Follow me on Mastodon @[email protected]

42 Comments

2012-04-18 2:07 pm

tidux
What kind of asshat uses a proprietary Gtk-based editor that doesn’t even have as many features as gedit?

2012-04-18 2:24 pm

stestagg
You want to start an editor war of the back of an article about URLs? really
2012-04-18 2:35 pm

Beta
What kind of asshat uses gedit?

FTFY

2012-04-18 2:19 pm

anandpur
Google have neat fix. Next time try g.co for Google URLs and goo.gl for any random URL

http://goo.gl/

http://g.co/

2012-04-18 3:38 pm

phoenix
And, how exactly would shaving off a handful of characters from the domain name help with the extremely long part of the url after the domain name?

2012-04-18 3:49 pm

anandpur
Are you from past or just trolling. Do you know how this works? Try this URL form this website

http://osne.ws/jxq

https://en.wikipedia.org/wiki/URL_shortening

2012-04-18 3:59 pm

diegocg
Thom isn’t ranting about the length of the URL. He is ranting about query format in the URL.

2012-04-18 4:07 pm

Laurence
Thom isn’t ranting about the length of the URL. He is ranting about query format in the URL.

That will also get saved for redirection by the shortened URL. So it doesn’t really matter how much crap is in the query string.

Edited 2012-04-18 16:09 UTC
2012-04-18 4:55 pm

Thom Holwerda

Thom isn’t ranting about the length of the URL. He is ranting about query format in the URL.

That will also get saved for redirection by the shortened URL. So it doesn’t really matter how much crap is in the query string.

I shouldn’t need to use additional services nor should I have to figure out which part of a URL I can safely delete. When I quickly want to pass someone a link to a goddamn *search query*, it shouldn’t be more than domain.com/string. Simple. Having it span 4 lines is idiotic.
2012-04-18 8:37 pm

Laurence

I shouldn’t need to use additional services nor should I have to figure out which part of a URL I can safely delete. When I quickly want to pass someone a link to a goddamn *search query*, it shouldn’t be more than domain.com/string. Simple. Having it span 4 lines is idiotic.

Hmm, I guess that depends on whether you define the full URL – query string and all – as part of the usable site or just hidden mechanics (some browsers even hide query strings from the address bar until you click into them)

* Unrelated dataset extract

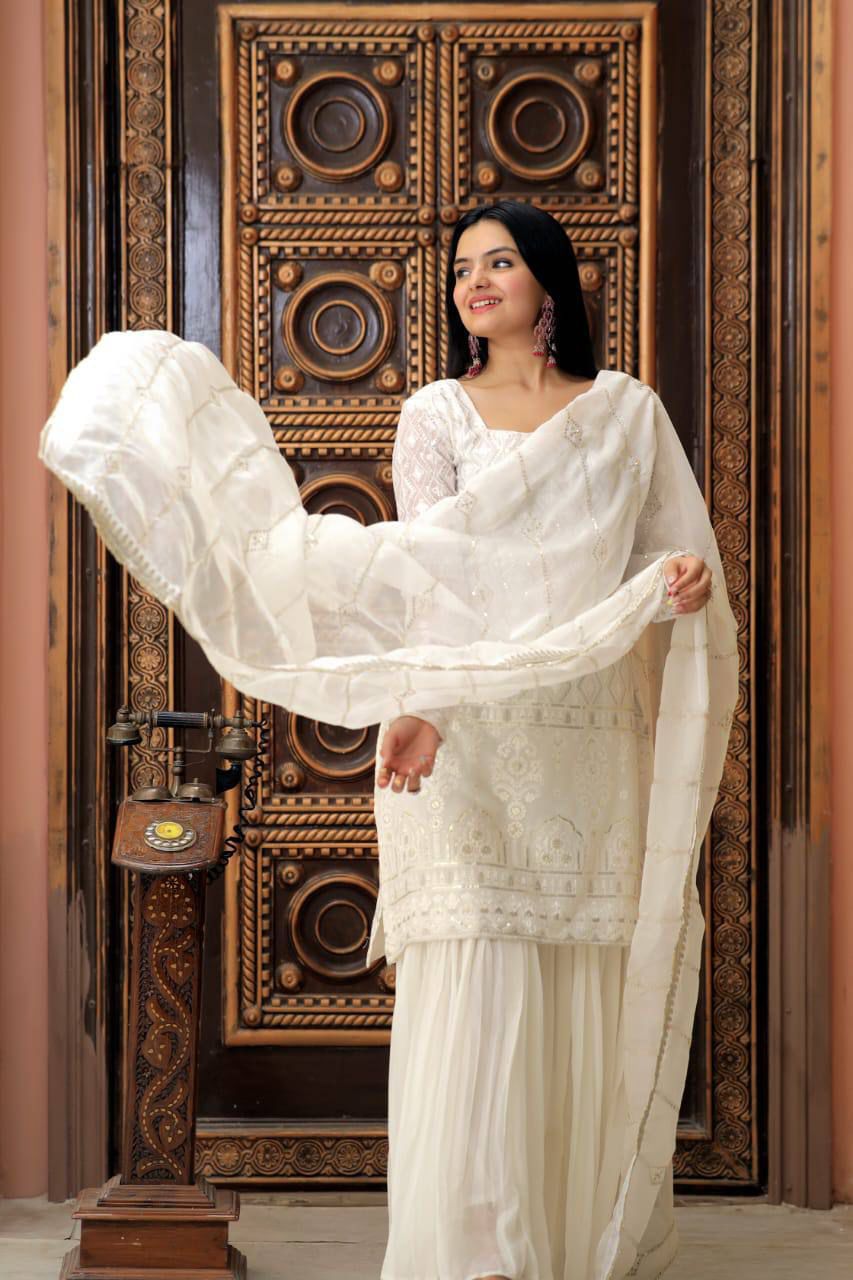 Solidcolour Georgette Zigzag Embroidered Sharara Suit - Shopaholics Choice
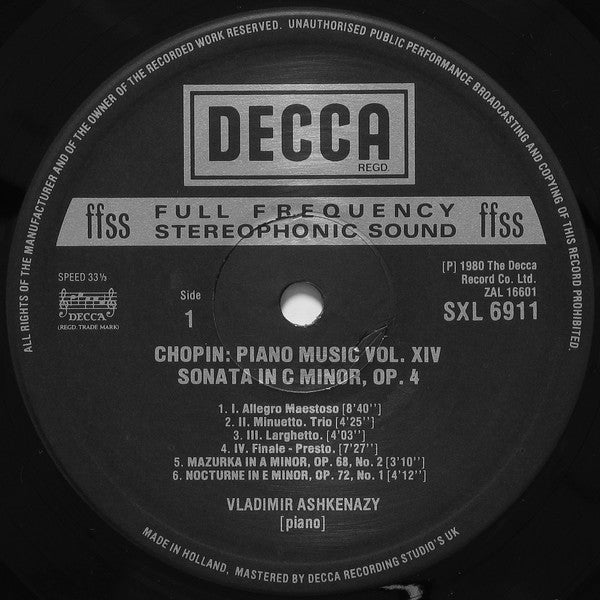 Frédéric Chopin, Vladimir Ashkenazy : The Piano Music Of Chopin Volume 14 (LP)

In theory, you should never need to see the query string because of how hyperlinks and forms work (eg readable text with a hidden URL behind an anchor tag) – so part of me thinks you’re being a little unreasonable.

However it’s also true to think people do still copy and paste URLs (as you had done here) so a more user friendly query string does make some sense for usability.

At the end of the day, there are simple workarounds and they don’t add a huge overhead on your time so is it really worth Google investing time in rewriting the mechanics of their search engine just to make it more copy and paste friendly? Maybe just a small “copy this link to clipboard” button -which copies a tiny URL- would be a better solution?

Edited 2012-04-18 20:56 UTC
2012-04-18 10:56 pm

DHofmann
Hyperlinks eliminate the need to post links in plaintext.
2012-04-19 6:12 am

OSNevvs
I understand, but these are variables used for specific purposes (stats, referal payouts, etc.). If you don’t want to pass on that information, you can just paste something shorter like this: http://google.com/search?q=something

2012-04-18 3:52 pm

Laurence
And, how exactly would shaving off a handful of characters from the domain name help with the extremely long part of the url after the domain name?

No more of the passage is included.